Unfortunately 17 years later, Zebb’s bizarre disappearance was still unsolved. Even though authorities and many others attempted to connect the strange coincidental occurrences surrounding the case, they’d repeatedly been unsuccessful.

Many people pondered the significance of the mysterious lips drawn on the rear windshield of Zebb’s vehicle. Some thought it might’ve been a reference to his relationship with Misty, but this was never confirmed. Also, no one was able to make sense of the puppy or explain who made the call to his pager that night.

In March 2015, however, police did find a clue. When Food Network Star contestant Cristie Schoen, her husband, and unborn child were murdered, police tied the crimes back to none other than Robert Owens—Zebb’s coworker who was the last person to see him before he disappeared. When searching his property for the Schoen murder, they discovered a series of incriminating items buried there.

While on trial, Robert openly admitted to committing the murder of Cristie, her husband, and unborn child, in a plea deal agreement. Ultimately, he was sentenced to 59 and a half years in jail without the possibility of parole.
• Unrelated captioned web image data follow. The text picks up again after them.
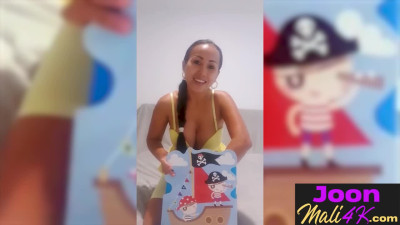 Asian big tits teen Joon Mali tries new big sex toy after passion posing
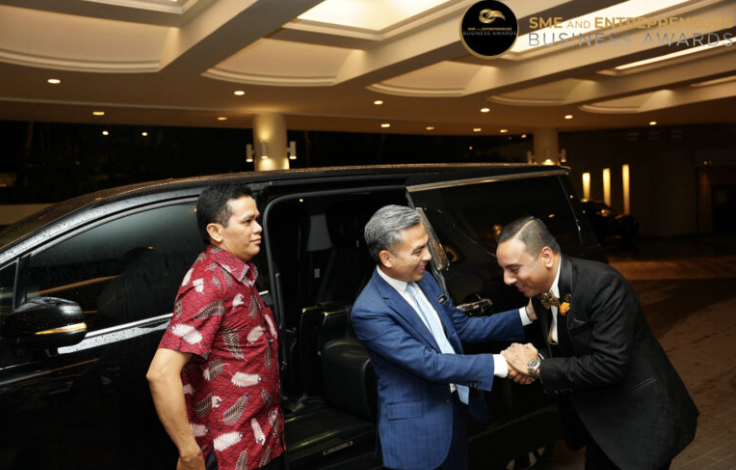 Guests greeted on arrival at the SEBA gala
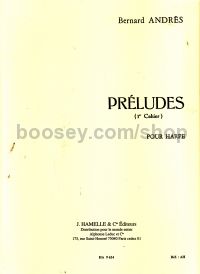 Preludes Vol. 1 (nos 1-5) for harp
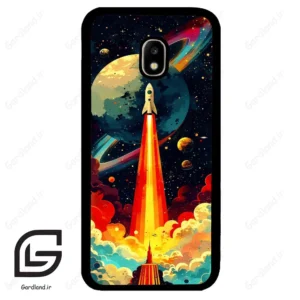 قاب گوشی سامسونگ جی 5 پرو (Galaxy J5 Pro ) طرح موشک کد 2463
Then, on July 10, 2017, Robert was also indicted on Zebb Quinn’s murder in the first-degree. “This indictment is the result of years of investigative work and persistence by detectives of the Asheville Police Department,” the police wrote in a statement, “as well as ongoing partnerships with members of the Quinn family and the Buncombe County District Attorney’s Office.”

It was believed that this indictment followed Robert’s cooperation to offer up details as part of a plea bargain. Soon, it would be up to the court to determine his guilt or innocence. Hopefully, after all these years, Zebb’s disappearance will finally be solved.

Hopefully the court can determine what happened to Zebb all those years ago so he and his family can finally get some closure.